**Assignment:**
Pictures must not appear in the copy. Restate exactly the lines below from the one with "Enlarge photo 9" through the one with "213 George Street — photo 4", inclusive.

**Data extract:**
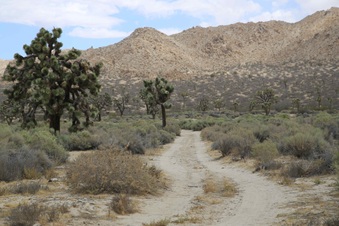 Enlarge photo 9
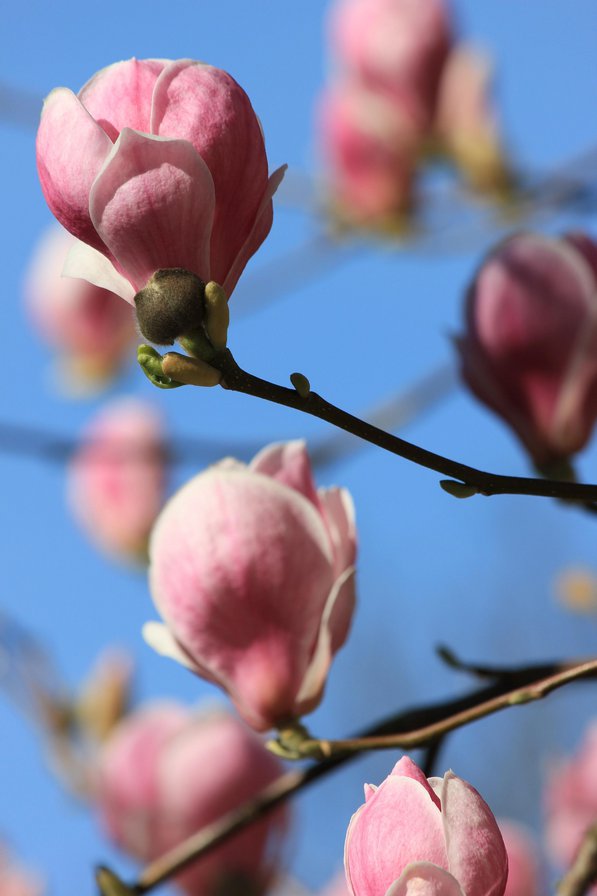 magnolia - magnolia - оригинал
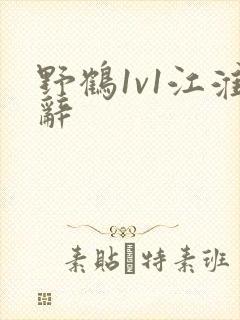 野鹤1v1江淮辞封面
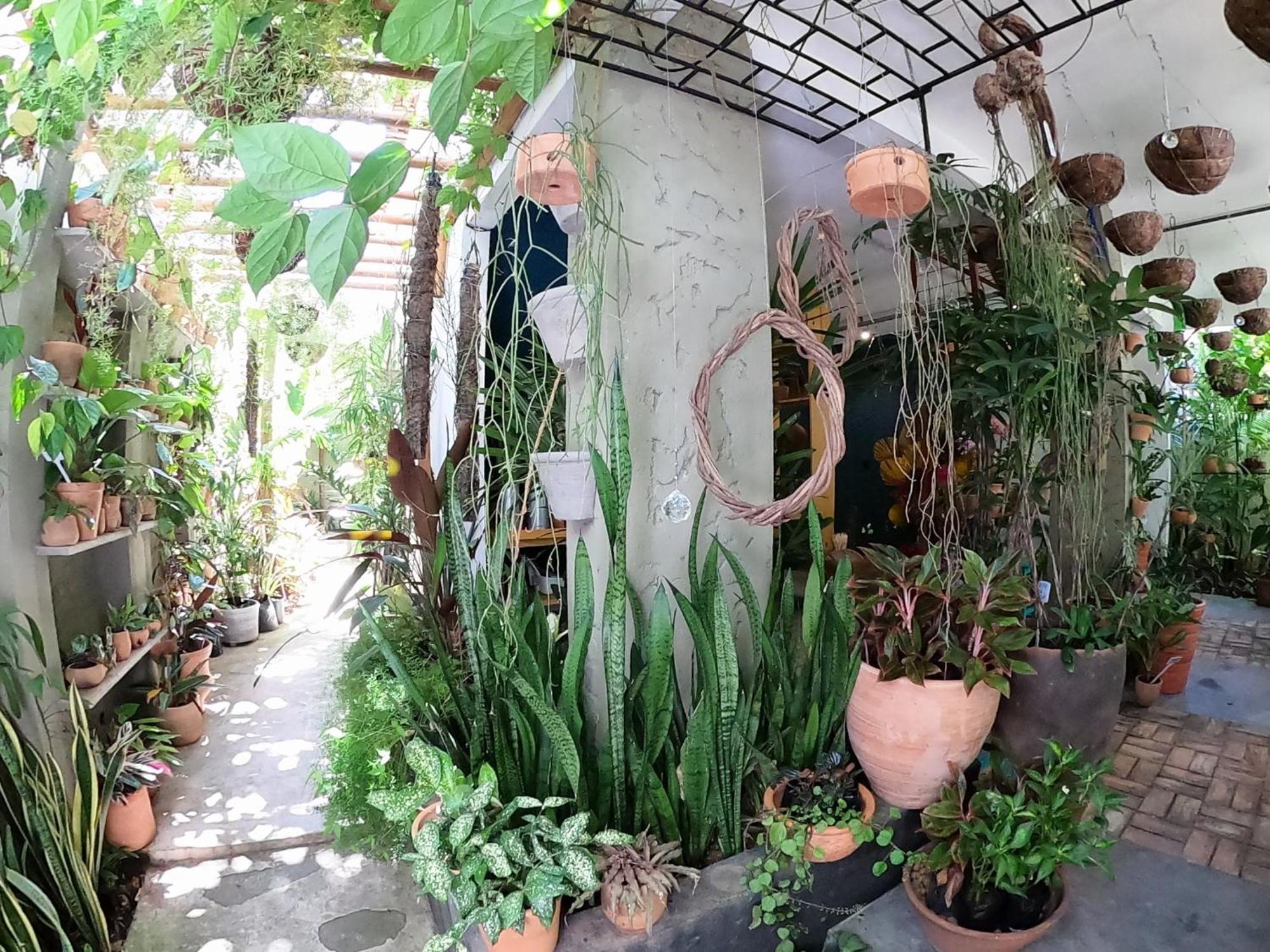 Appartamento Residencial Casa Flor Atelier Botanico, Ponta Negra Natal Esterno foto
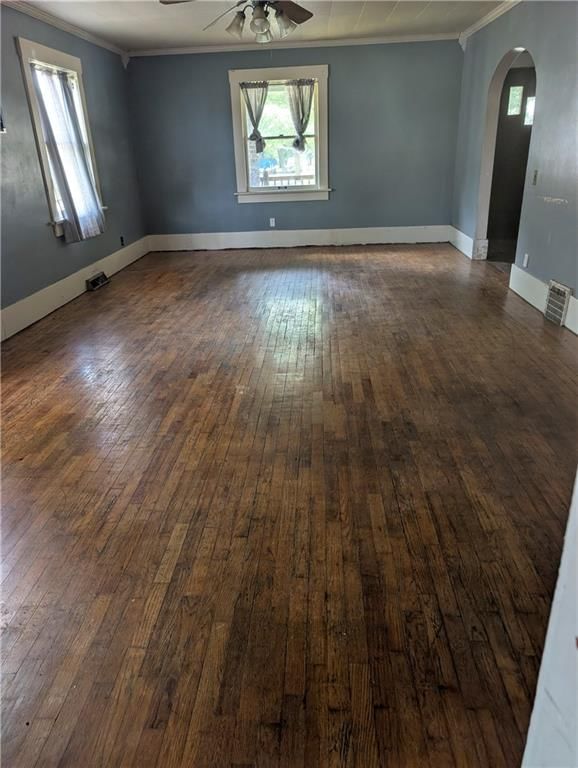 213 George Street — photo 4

---

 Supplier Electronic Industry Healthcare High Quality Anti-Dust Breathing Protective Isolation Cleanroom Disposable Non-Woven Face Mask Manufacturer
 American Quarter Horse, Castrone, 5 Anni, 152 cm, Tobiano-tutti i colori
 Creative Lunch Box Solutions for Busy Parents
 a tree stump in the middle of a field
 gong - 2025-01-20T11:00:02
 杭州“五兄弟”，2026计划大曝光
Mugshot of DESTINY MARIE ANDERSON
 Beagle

**Output for this task:**
 Enlarge photo 9
 magnolia - magnolia - оригинал
 野鹤1v1江淮辞封面
 Appartamento Residencial Casa Flor Atelier Botanico, Ponta Negra Natal Esterno foto
 213 George Street — photo 4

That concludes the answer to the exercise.